Aku tak bisa memakai sihir apapun untuk melawan Eriol.

Aku tak bisa menolong diriku sendiri ketika aku terjatuh.

—Namun disitulah kau selalu ada, dengan kekuatanmu yang tak banyak karena malam abadi yang Eriol ciptakan—kau mengeluarkan sihir anginmu dan membuat tubuhku selamat dari benturan tanah yang keras.

Tidak adil. Aku ingin menolongmu, namun aku terlalu lemah. Kau tahu bahwa kau tak memiliki banyak kekuatan, namun kau selalu melindungiku sebisa mungkin.

Maka dari itu, aku memutuskan untuk menjadi kuat saat itu—untuk melindungi dirimu.

Light dan Dark. Dua kartu paling kuat yang harus kuubah menjadi Sakura Card; dengan Yue dan Kero yang menolongku semampu mereka, aku harus menjadi kuat.

—Dan sekali lagi, kau ada disana untuk membantuku yang lemah ini.

Dengan suara yang terbata-bata, kau berbicara kepadaku. "Aku adalah keturunan Clow Reed; meski aku lemah saat ini, mungkin aku bisa membantumu sedikit.."

Aku sungguh ingin berteriak dengan lantang—ini semua tidak adil. Bahkan sampai akhir pun, kaulah yang akhirnya menolongku.

—Namun, tak lama. Tubuhmu sudah terlalu lemah; akhirnya kaupun terjatuh ke atas tanah.

...Tidak.

Di saat itu, aku rasanya ingin melupakan tugasku untuk mengubah kartu Light dan Dark.

Di saat itu, aku hanya ingin memeluk tubuhmu yang lemah dan terus berada di sampingmu sampai kau kembali membuka mata.

Namun jika aku melakukan itu, hal sebaliknya akan terjadi—semua orang, termasuk dirimu, akan tertidur dan tak bisa membuka mata lagi.

"...Tidak..."

Membayangkan sebuah dunia dimana tidak ada dirimu—

Dimana tidak ada Syaoran Li di sisiku..

Aku tak mau hal itu terjadi!

"Kumohon, berubahlah!"

Aku harus percaya kepada Kero dan Yue.

Aku harus percaya pada diriku sendiri.

Aku harus percaya kepada kartu-kartu yang selalu menemaniku selama ini.

...Aku harus percaya kepada Syaoran yang mempercayai bahwa aku bisa.

"LIGHT!"

Memikirkan tentang dirimu dan kebaikan hatimu; itulah yang mengubah air mataku menjadi keinginan untuk melindungi semua orang.

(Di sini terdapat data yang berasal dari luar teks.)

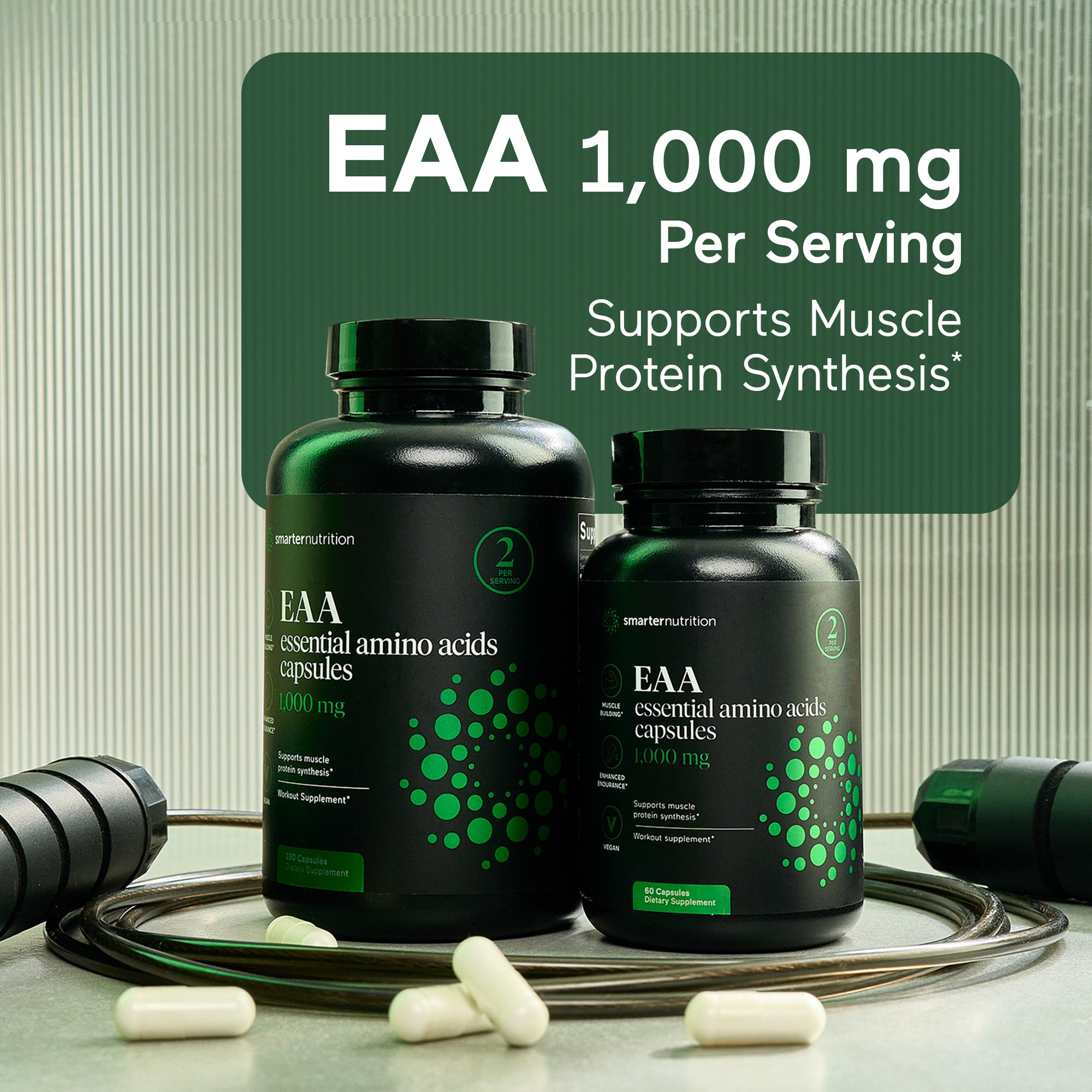 Two bottles of EAA (essential amino acids) capsules with text about serving size and benefits on a neutral background.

—Dan di saat itulah, aku mendapatkan kekuatanku.

[Aku mulai menyadarinya perlahan, ketika potongan ketujuh mulai kudapatkan. Namun kenapa aku masih belum mengerti dengan jelas?]

.

.

.

"Aku menyukaimu, Sakura."

Kau menepati janjimu; janji untuk mengatakan hal penting ketika semua urusan tentang Clow Card sudah berakhir.

Aku memutuskan untuk bertanya apa hal penting tersebut, ketika kita pulang sekolah bersama-sama dan melewati taman.

—Namun ini bukanlah sesuatu yang aku duga.

"Orang yang paling aku sukai di dunia ini adalah dirimu."

—Debaran jantungku begitu kencang dan tak bisa dikendalikan.

"Itu saja yang ingin aku katakan."

—Kenapa?

Kenapa kau dengan mudahnya pergi begitu saja?

Apa yang kau pikirkan setelah menyatakan perasaanmu? Apakah kau menunggu jawabanku, apakah kau memikirkan aku?

Disini aku menutupi wajahku dengan bantal dan bersembunyi dibalik selimut. Debaran jantung ini masih sama dan rona merah di wajahku semakin parah.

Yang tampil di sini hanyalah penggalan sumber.